▶ [How to complete this task] Word for word, give the records again, dropping any picture they hold.

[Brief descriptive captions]
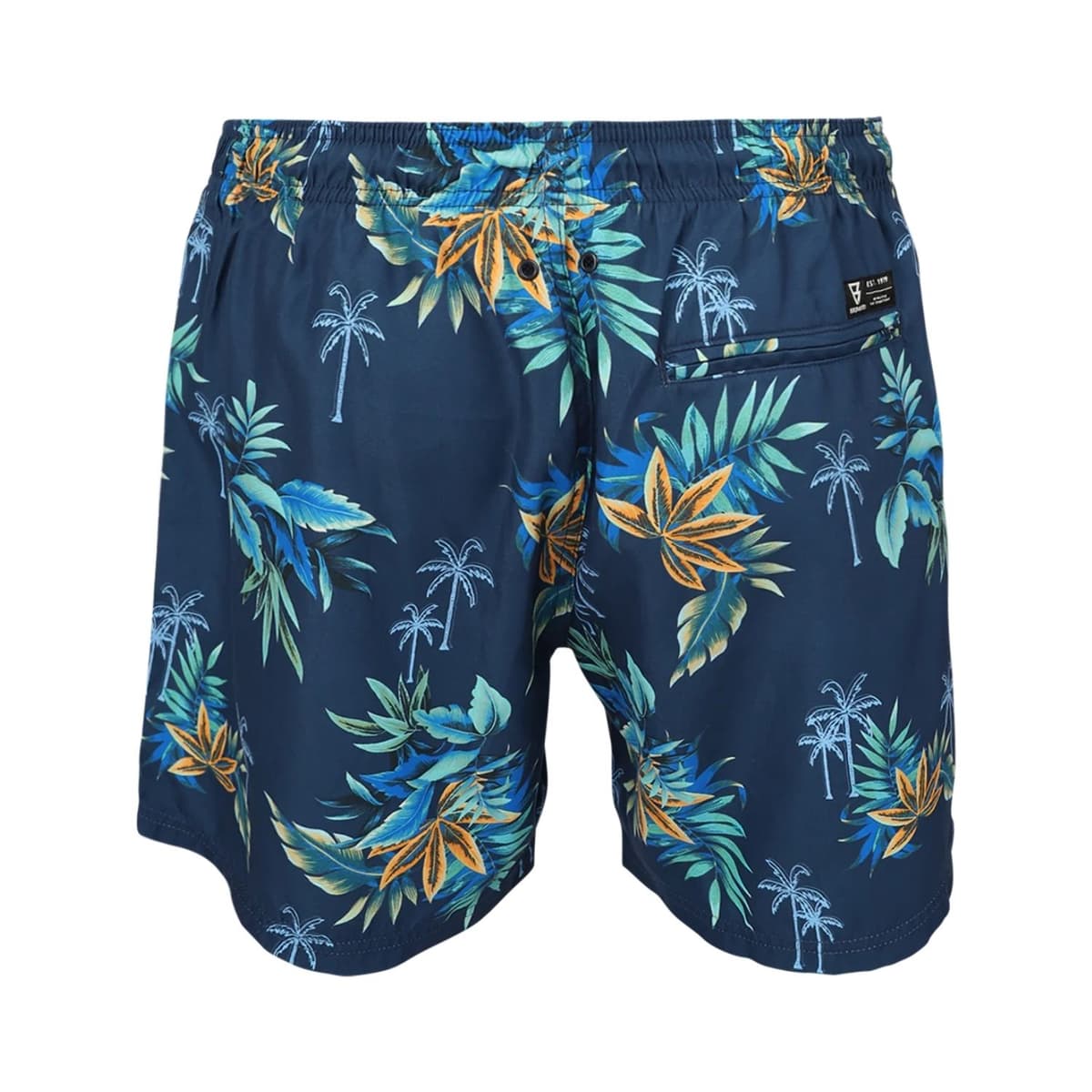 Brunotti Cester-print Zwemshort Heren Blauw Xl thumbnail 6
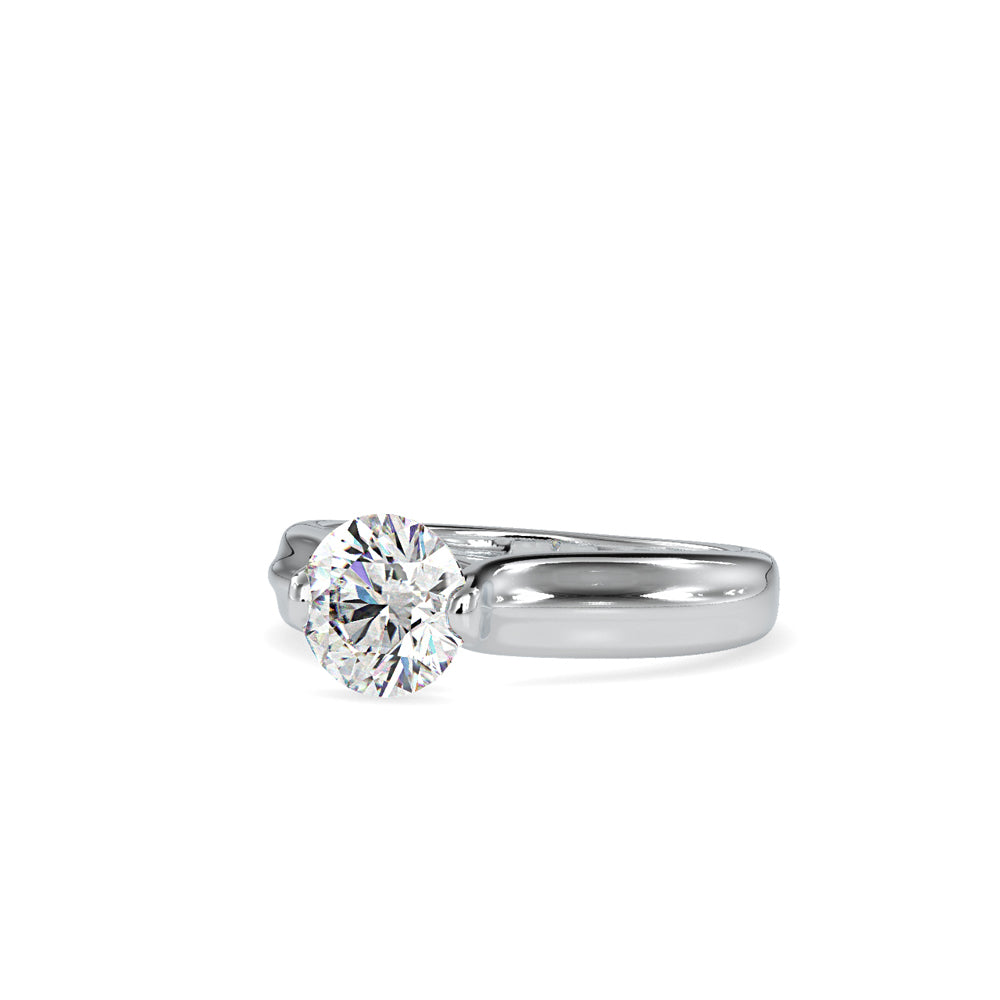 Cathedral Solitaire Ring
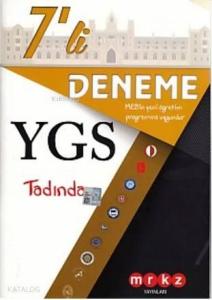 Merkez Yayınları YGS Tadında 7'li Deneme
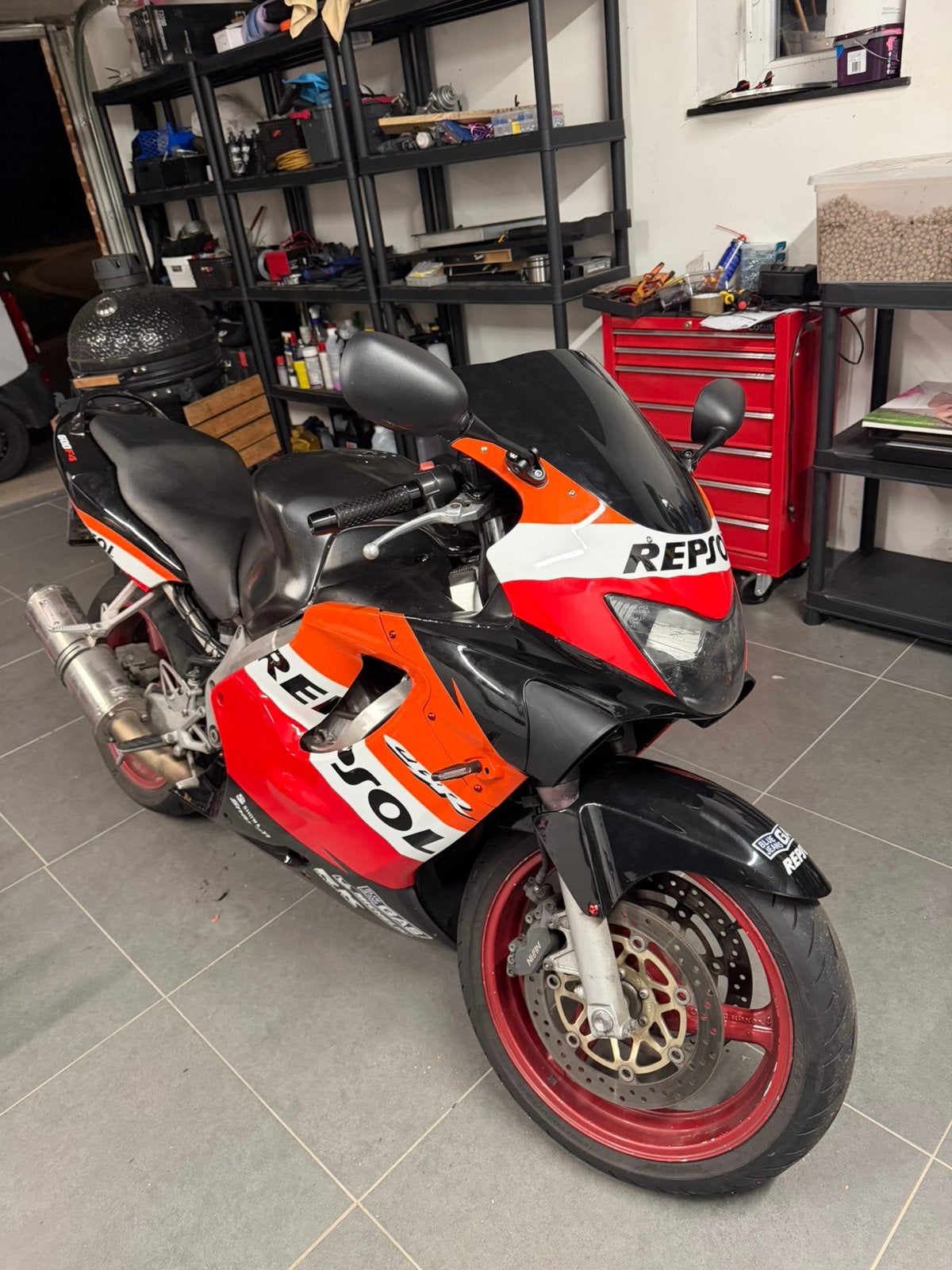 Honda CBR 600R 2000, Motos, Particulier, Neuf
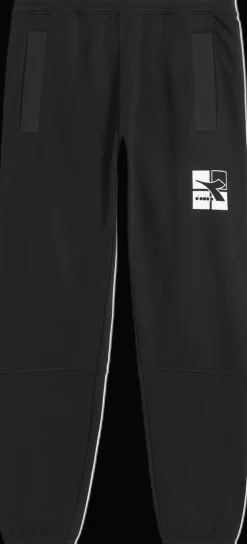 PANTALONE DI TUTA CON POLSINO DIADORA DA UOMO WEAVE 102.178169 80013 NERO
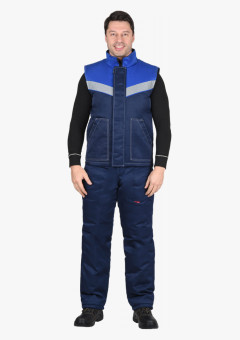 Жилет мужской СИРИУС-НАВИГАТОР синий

▶ [Output for this task]
 Brunotti Cester-print Zwemshort Heren Blauw Xl thumbnail 6
 Cathedral Solitaire Ring
 Merkez Yayınları YGS Tadında 7'li Deneme
 Honda CBR 600R 2000, Motos, Particulier, Neuf
 PANTALONE DI TUTA CON POLSINO DIADORA DA UOMO WEAVE 102.178169 80013 NERO
 Жилет мужской СИРИУС-НАВИГАТОР синий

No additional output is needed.